On the latest edition of Wrestlenomics Radio, Brandon Thurston and Chris Gullo discussed the possible effects the return of fans at shows will have on television ratings. AEW will resume touring starting with Road Rager in Miami on July 7, and WWE will kick off a multi-city tour on July 16. Thurston and Gullo broke down what effect they think fans will have on TV ratings for Raw and Smackdown.

Since recording the episode, Thurston has added predictions for monthly averages for AEW Dynamite, WWE NXT, and AEW Rampage, seen in the charts below. Rampage debuts on TNT on Friday in a 10pm Eastern time-slot, beginning August 13, before both AEW weekly shows move to TBS in 2022.

Averages for Smackdown and Rampage in December will be challenged by running on Christmas Eve and New Years Eve, which fall on the last two Fridays of the year. Thurston anticipates Rampage will begin by performing close to Friday Night Dynamite’s Hour 1 average (562,000 viewers total, 277,000 in 18-49), and wane from there. The amount of time viewers are willing to spend watching AEW will be spread more thin, which will cause Dynamite’s viewership to be slightly lower than it would be otherwise as well.

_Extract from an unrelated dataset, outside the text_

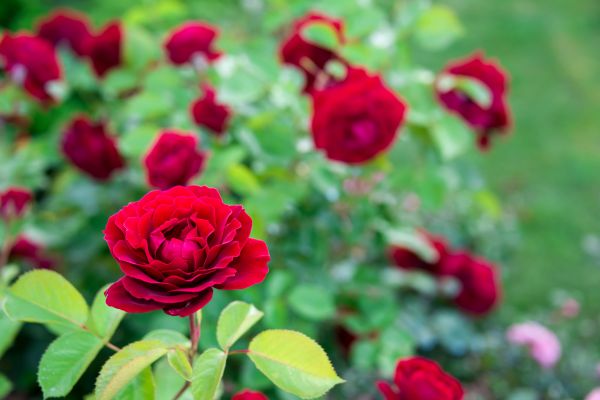 Rose Planting in Albuquerque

By the end of the year, he sees Dynamite and Raw’s 18-49 viewer counts drawing close to one another, but not quite overlapping.

Chris Gullo: Fans are coming back. We had a Dynamite in front of fans on Wednesday, and we’re gonna have fans in WWE crowds in a couple weeks. How much of an effect do you really think it makes on the ratings because you’ve heard, ‘Oh, wrestling’s hard to watch with no fans, or in Thunderdome or with the same fans at Daily’s Place.’ Well now, we have live audiences all around the country.

They’re going to fill arenas. Do you really think it’s gonna make that huge of a difference on the ratings? I think because it’s summer, it won’t, but that’s just me. I don’t think, after a year and a half, someone goes, ‘I think I’m gonna watch Raw again because they have fans.’

Brandon Thurston: I was looking at what the month-to-month trends usually are, and usually, July is up from June and then August is up from July. I just sort of went through each week and tried to do a rough prediction of what I think is going to happen, trying to take into account holidays and things like that.

General overview, I think that there’s definitely going to be a short-term bump with Raw with its first event in front of live fans. It will pop a pretty big number over what it had been doing in the weeks leading up to it. Smackdown, same thing. I don’t know this, but I think they’re going to bring in John Cena and probably advertise him ahead of time and maybe he’ll start a program off with Roman Reigns heading towards Summerslam.

I think there’s going to be a short-term boost, and after that, both of these programs are just not good enough and don’t make people feel like watching them enough to sustain a long-term increase in ratings compared to their trends over the last year and a half during the pandemic.

Thurston noted WWE investors have high expectations for TV ratings when fans return.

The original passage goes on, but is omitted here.